High Oil Price Predictions Abound as US Crude Hits 4-Week High

by Ship & Bunker News Team
Wednesday April 5, 2017

Crude on Tuesday achieved the best close in four weeks on the strength of a forecast U.S. inventories drawdown; and while this had previously been predicted by analysts to no positive effect, this time the news was enough to offset reports that the lifting of a force majeure has caused Libya to resume production.

West Texas Intermediate settled up 79 cents at $51.03 per barrel while Brent rose 95 cents to $54.07, pushing the global benchmark into overbought territory for the first time since the end of December; both contracts have recovered 8 percent since hitting four-month lows in late March.

Analysts believe industry data will show a decline in inventories later this week, as demand is said to be increasing ahead of summer in key markets; Carsten Fritsch, commodities analyst at Commerzbank, remarked, "U.S. product stocks need to be watched closely, since they have fallen massively over the last few weeks."

If a Bloomberg survey of analysts proves accurate, U.S. crude supplies will have declined 150,000 barrels last week.

Tuesday's turnaround even encouraged some observers to credit the much-maligned Organization of the Petroleum Exporting Countries (OPEC) output reduction initiative for contributing to a recovering market: "We believe the implemented production cuts will trigger a material drawdown in OECD oil inventories and thus higher crude oil prices," said Giovanni Staunovo, analyst for UBS.

Even though the market could just as easily and suddenly plummet in coming days, Tuesday's gains prompted some experts to join the small but vocal chorus of analysts who of late have defied common wisdom and predicted that crude will soon escape its range-bound confines and trade in the $60s.

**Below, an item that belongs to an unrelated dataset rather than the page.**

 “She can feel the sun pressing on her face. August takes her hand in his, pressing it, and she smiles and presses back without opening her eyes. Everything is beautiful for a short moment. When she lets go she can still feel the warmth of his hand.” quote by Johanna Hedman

David Pursell, a managing director at Tudor Pickering Holt & Co., told Bloomberg he sees crude reaching $65 per barrel in the fourth quarter of this year and $75 in 2019 (the former figure, incidentally, is in line with Staunovo's forecast for the next three months).

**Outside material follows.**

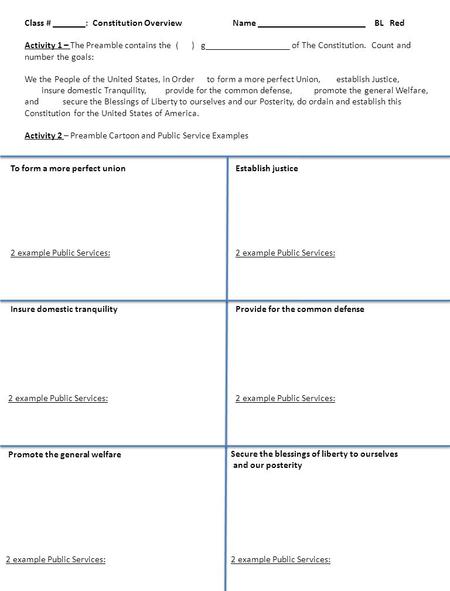 Class # _______: Constitution Overview Name _______________________ BL Red Activity 1 – The Preamble contains the ( ) g__________________ of The Constitution.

Pursell also anticipates expects an inventory drawdown over the next two months large enough for stockpiles to return to normal levels by the end of the third quarter:

Earlier this week, Pierre Andurand, managing partner at Andurand Capital Management, told media that "I think oil prices are likely to recover to around $70 ... I think the market will switch to backwardation – sustainable backwardation – by late summer and that will bring the next wave in oil prices."